Engaging the Powers.

Four quotations:

Intercession is spiritual defiance of what is, in the name of what God has promised.  Intercession visualizes an alternative future to the one apparently fated by the momentum of current contradictory forces.  It infuses the air of a time yet to be into the suffocationg atmosphere of the present.

History belongs to the intercessors, who believe the future into being.  This is not simply a religious statement.  It is as true of the communists or capitalists or anarchists as it is of Christians.  The future belongs to whoever can envision in the manifold of its potentials a new and desirable possibility, which faith then fixes upon as inevitable.

All this about our role as intercessors in creating history is arrogant bravado unless we recognize that it is God rather than ourselves who initiates prayer, and that it is God's power, not ours, that answers to the world's needs.  We are always preceded in intercession.  God is always already praying within us.  When we turn to pray, it is already the second step of prayer.

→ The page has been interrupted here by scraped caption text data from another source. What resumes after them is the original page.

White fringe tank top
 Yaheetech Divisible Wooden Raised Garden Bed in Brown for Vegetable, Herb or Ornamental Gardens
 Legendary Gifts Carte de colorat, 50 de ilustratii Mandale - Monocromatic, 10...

Prayer in the face of the Powers is a spiritual war of attrition.  ...  In a field of such titanic forces, it makes no sense to cling to small hopes.  We are emboldened to ask for something bigger.  The same faith that looks clear-eyed at the immensity of the forces arrayed against God is the faith that affirms God's miracle-working power.  Trust in miracles is, in fact, the only rational stance in a world that is infinitely responsive to God's incessant lures.  We are commissioned to pray for miracles because nothing less is sufficient.  We pray to God, not because we understand these mysteries, but because we have learned from our tradition and from experience that God, indeed is sufficient for us, whatever the Powers may do.

All come from the Biblical scholar Walter Wink's amazing book Engaging the Powers: Discernment and Resistance in a World of Domination (Fortress Press, 1992). Wink died earlier this month, aged 76, after a long struggle with dementia.  In his American homeland he was a controversial figure - loved by many and loathed by others.  To me he was the person who first made me understand the political necessity of intercessory prayer. From him I learnt that prayer is a calling into being of an order of existence that refuses to allow evil and hurt to have a determining power over humanity. He inspired me pray as one who refuses authority to the powers of harm and despair, and to look to God's victory in all things - even when it's impossible to see it. He taught me to pray for a peaceful alternative, even when I can't voice what that alternative is. I thank God for Walter Wink's inspiration.  May he rest in that godly peace for which he taught us to long with prayerful passion.